The use of valid, easy to obtain digital transport layer security (TLS) certificates by fraudsters impersonating real sites show no sign of abating, statistics from internet services company Netcraft indicate.

Digital certificate use by phishing sites spikes

Thousands of TLS certificates have been issued for phishing sites with host names such as login-appleid.com-direct-apple.com. Netcraft said the majority were issued by just two certificate authorities, Let's Encrypt and Comodo.

Let's Encrypt is a certificate authority run by the Internet Security Research Group. Supported by digital rights lobby group the Electronic Frontier Foundation and tech companies like Cisco, Akamai, Mozilla and OVH, it provides free SSL/TLS certificates with the aim to secure internet traffic.

Comodo is a commercial certificate authority.
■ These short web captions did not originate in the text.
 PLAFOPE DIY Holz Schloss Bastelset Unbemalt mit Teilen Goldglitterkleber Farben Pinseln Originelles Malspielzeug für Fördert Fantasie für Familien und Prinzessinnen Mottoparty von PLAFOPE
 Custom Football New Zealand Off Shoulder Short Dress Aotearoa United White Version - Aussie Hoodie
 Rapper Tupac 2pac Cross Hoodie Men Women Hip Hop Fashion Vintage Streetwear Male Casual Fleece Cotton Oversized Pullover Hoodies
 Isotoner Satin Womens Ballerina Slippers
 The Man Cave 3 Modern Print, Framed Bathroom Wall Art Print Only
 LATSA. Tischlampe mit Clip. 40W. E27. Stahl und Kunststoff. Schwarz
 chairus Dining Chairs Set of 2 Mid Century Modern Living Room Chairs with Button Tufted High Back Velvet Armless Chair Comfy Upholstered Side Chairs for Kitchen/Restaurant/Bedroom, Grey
Netcraft noted that betweeen January 1 and March 31 this year, it blocked 47,500 sites with valid TLS certificates. Of these, 61 percent were issued by Let's Encrypt, and 36 percent by Comodo.

Fraudsters are drawn to Let's Encrypt and Comodo as both offer free, automated domain-validated certificates to end users.
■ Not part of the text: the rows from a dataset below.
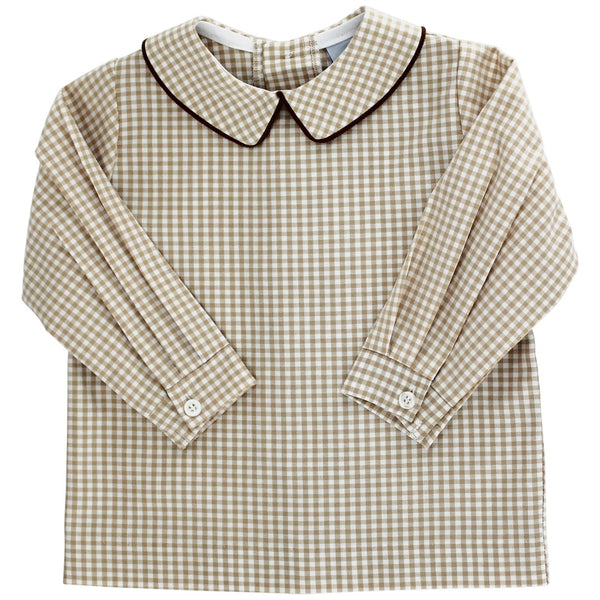 Khaki Check- Piped Shirt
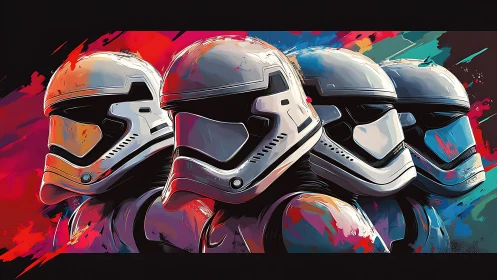 Helmeted sci-fi soldiers in stylized lineup against colors.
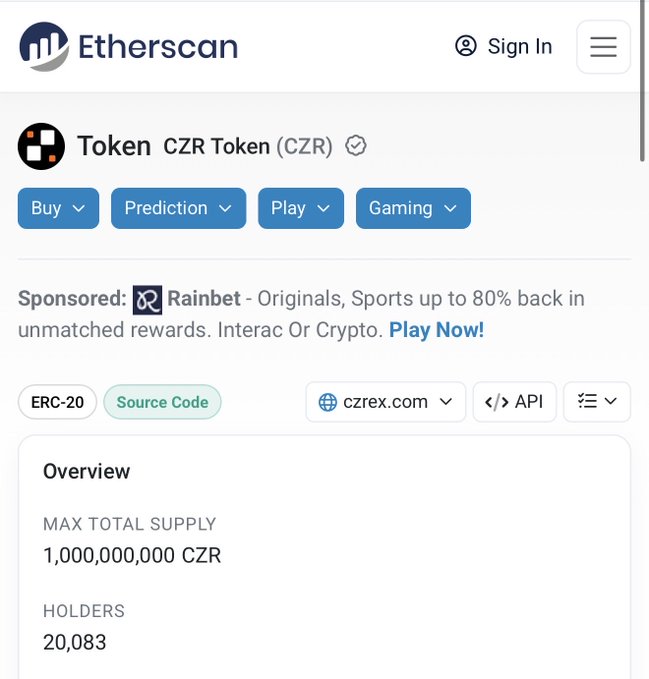 An Etherscan page displaying the CZR Token with a max total supply of 1,000,000,000 CZR and 20,083 holders, tagged as ERC-20.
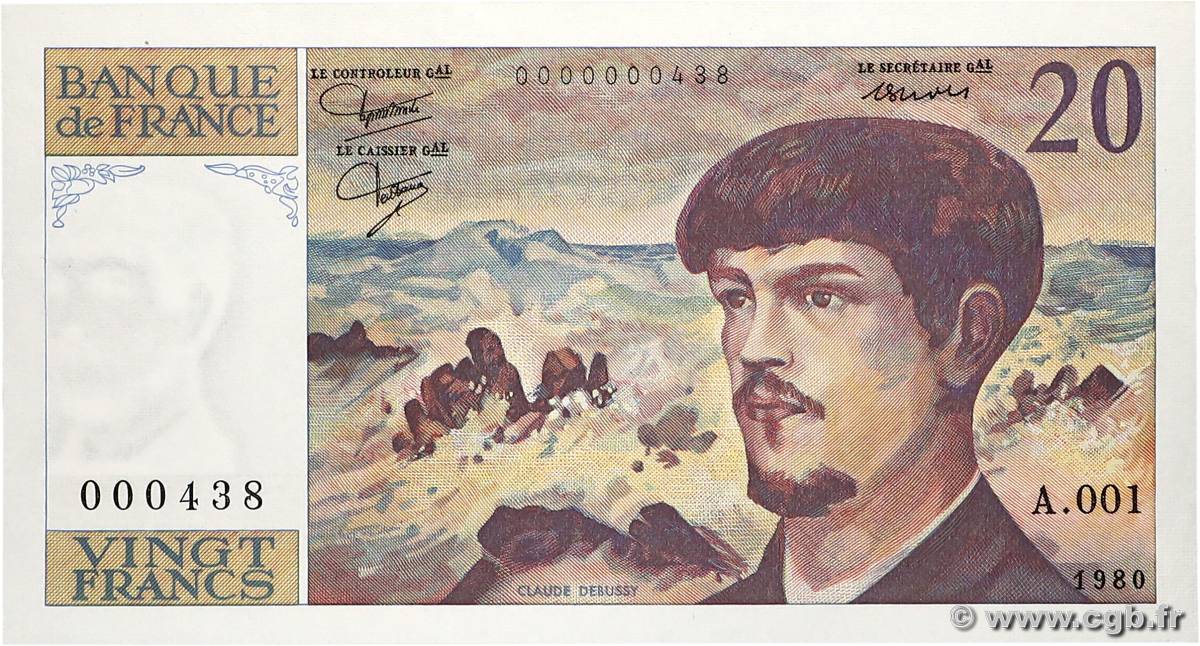 20 Francs DEBUSSY Petit numéro FRANCE  1980 F.66.01A1 AU+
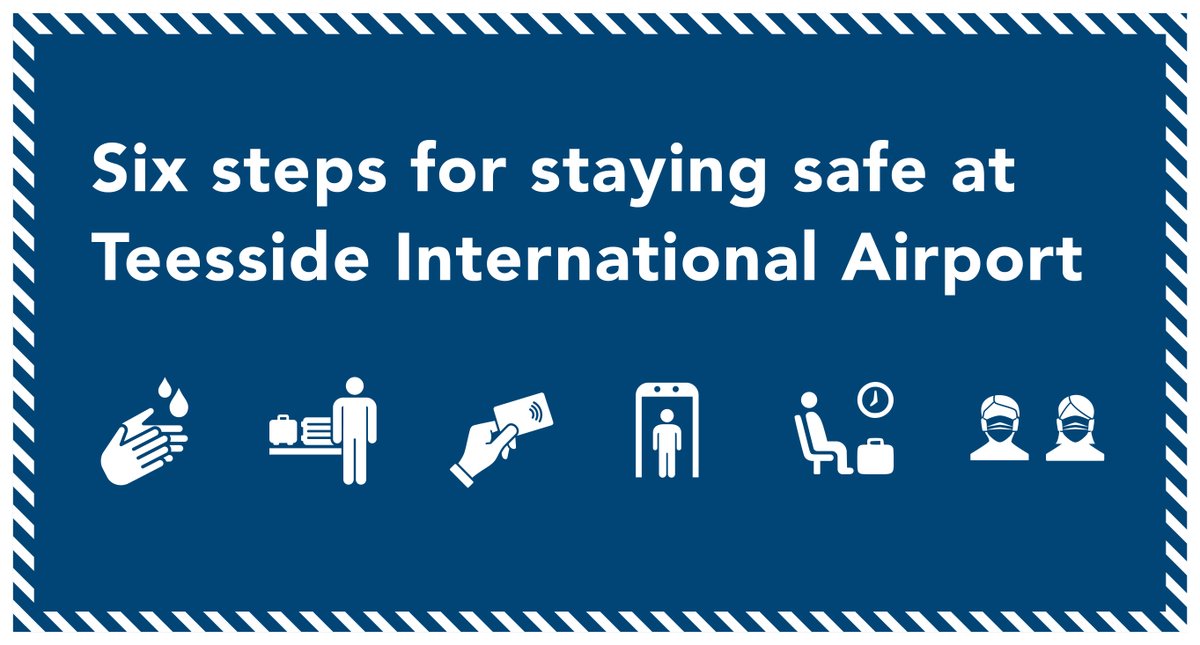 TeesAirport's tweet photo. The health, wellbeing and safety of passengers and staff is a priority as the airport reopens and flights restart. We have six simple steps to staying safe when flying through the airport https://t.co/AwwL3mc5Xm https://t.co/cDklxqwezN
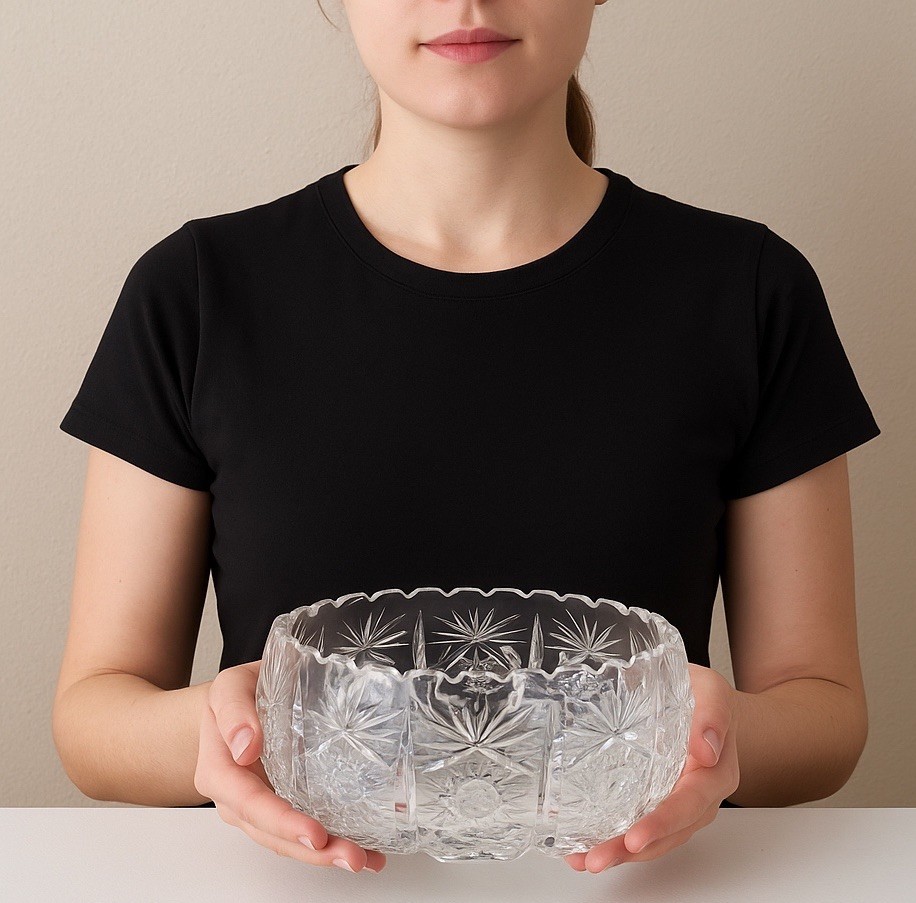 Vintage Hand-Cut ABP Crystal Bowl 8” Starburst & Fan Pattern Brilliant Sparkle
Netcraft said the use of TLS by phishing sites is particularly dangerous to consumers, as legitimate organisations will mark them as trustworthy.

"Consumers have been trained to look for padlocks, security indicators, and https:// in the address bar in their browser before submitting sensitive information, such as passwords and credit card numbers, to websites," Netcraft said.

Let's Encrypt checks sites against Google's safe browsing API to combat phishing and malware dissemination. Netcraft said this is not effective when certificates are issued automatically and installed before the deceptive phishing content has been uploaded, detected and blocked by the Google security feature.

While certificate authorities argue they are not well placed to police the issuance of TLS certificates, Netcraft suggested they should check the hostnames for hints that fraud might be afoot.

As an example, Netcraft pointed to the update.wellsfargo.com.casaelogica.cl hostname, which it said a certificate authority would be better placed to prevent misuse, rather than the registrar for casaelogica.cl domain name, as the latter contain no hints that it might be used for phishing.